# H.M.S. Whitehall



## paul0510 (Jul 25, 2005)

Do any of you remember the BBC People's War project from a year or so ago? I entered an account of the Dunkirk disaster as seen through the eyes of my father who was forced back to the beaches with his gunnery unit in 1940. He was taken off in what he called an old trampship that subsequently broke down somewhere in the Channel. To their rescue came the 'Whitehall' which returned posthaste to Dover for disembarkation. 
Now I've googled this destroyer (D94) and have found some pitifully small pics of the old girl so I was wondering if anybody had a decent-sized, scanned photo of her. Father is still much alive and kicking and the Whitehall incident was a major turning-point in his life....and, I suppose, for many others as well.
I would love to be able to present him with a photo when I visit in November for my parents' 60th wedding anniversary.

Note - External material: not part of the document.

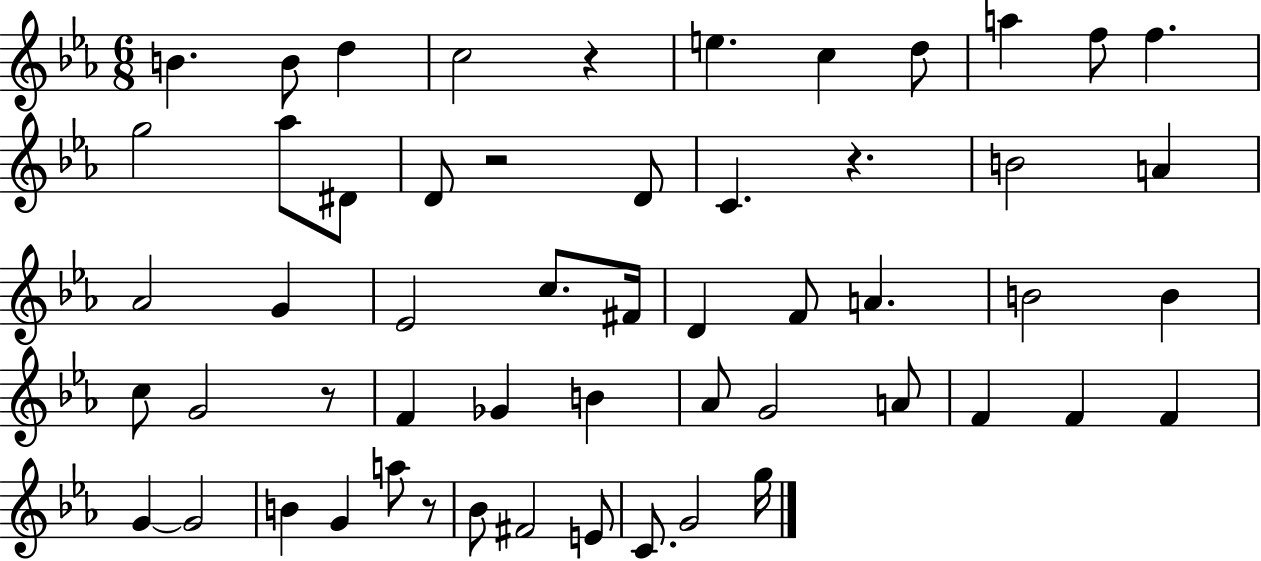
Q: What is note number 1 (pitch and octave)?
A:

P.S. Anyone interested in his account of those dramatic days can go to parts I & II
here:

http://www.bbc.co.uk/ww2peopleswar/stories/56/a3510956.shtml
http://www.bbc.co.uk/ww2peopleswar/stories/65/a3510965.shtml

Thanks, lads.


----------



## George.GM (Feb 8, 2006)

*HMS Whitehall*

Paul - Have a look at www.navyphotos.co.uk. There are three
reasonable photos of Whitehall there


----------



## paul0510 (Jul 25, 2005)

as on ex-BTC man to another, thanks a bunch, George! Exactly what I was looking for. I'll weave a bit of Photoshop magic on these to clean 'em up and see how they print.


----------



## gdynia (Nov 3, 2005)

*HMS Whitehall*

Paul

Heres a photo I bought as my grandfather served on this vessel


----------



## pugwash (Sep 17, 2006)

Paul050 Go to this thread I have three or four pictures you may like in the last posts. my Uncle was on the Whitehall.
http://www.shipsnostalgia.com/showthread.php?t=7153&highlight=whitehall


----------



## paul0510 (Jul 25, 2005)

gdynia/pugwash when did your relatives serve on this vessel, any ideas? Dad got picked up around the beginning of June 1940.
Spruced the 'old girl' up a bit.


----------



## gdynia (Nov 3, 2005)

Paul
As Im abroad at present cannot tell you,I only brought aload of photos with me to catolouge but will check when I get home


----------



## pugwash (Sep 17, 2006)

Hi Paul, My Uncle is Leslie Styles, he is a true Londoner, I now live in the USA so do not have great communications with that end of the family, however he told me that he arrived on Whitehall just after they had removed the test mortar launchers known by the sailors as the "four wide virgins" one of the first forward firing deapth charge launchers, history would put that near the middle of 1940. He has spoken to me about the Russian convoys, I asked how cold it was and unbeleivably he said they never felt it as they were so well dressed with the Duffel coats etc, and worked so hard on the decks that the fingers and noses were the only hurty bits!! He did say that bellow decks was awful as she tossed very badly and the bulkheads sweated and some times the condensation formed a thin ice layer inside. He sait that they were wet a lot. he told of working the Med and the warmer climes where it was hotter than heck below decks so they could not win. The Whitehall did the tars well and she survived the war to be broken up, a sad end but nice to know she brought her crew home ok.


----------



## pugwash (Sep 17, 2006)

*New picture*

Here is a new picture of H.M.S. Whitehall entering Vallencia Harbour Malta. My Uncle remembers going to Malta but staying outside the Harbour,


----------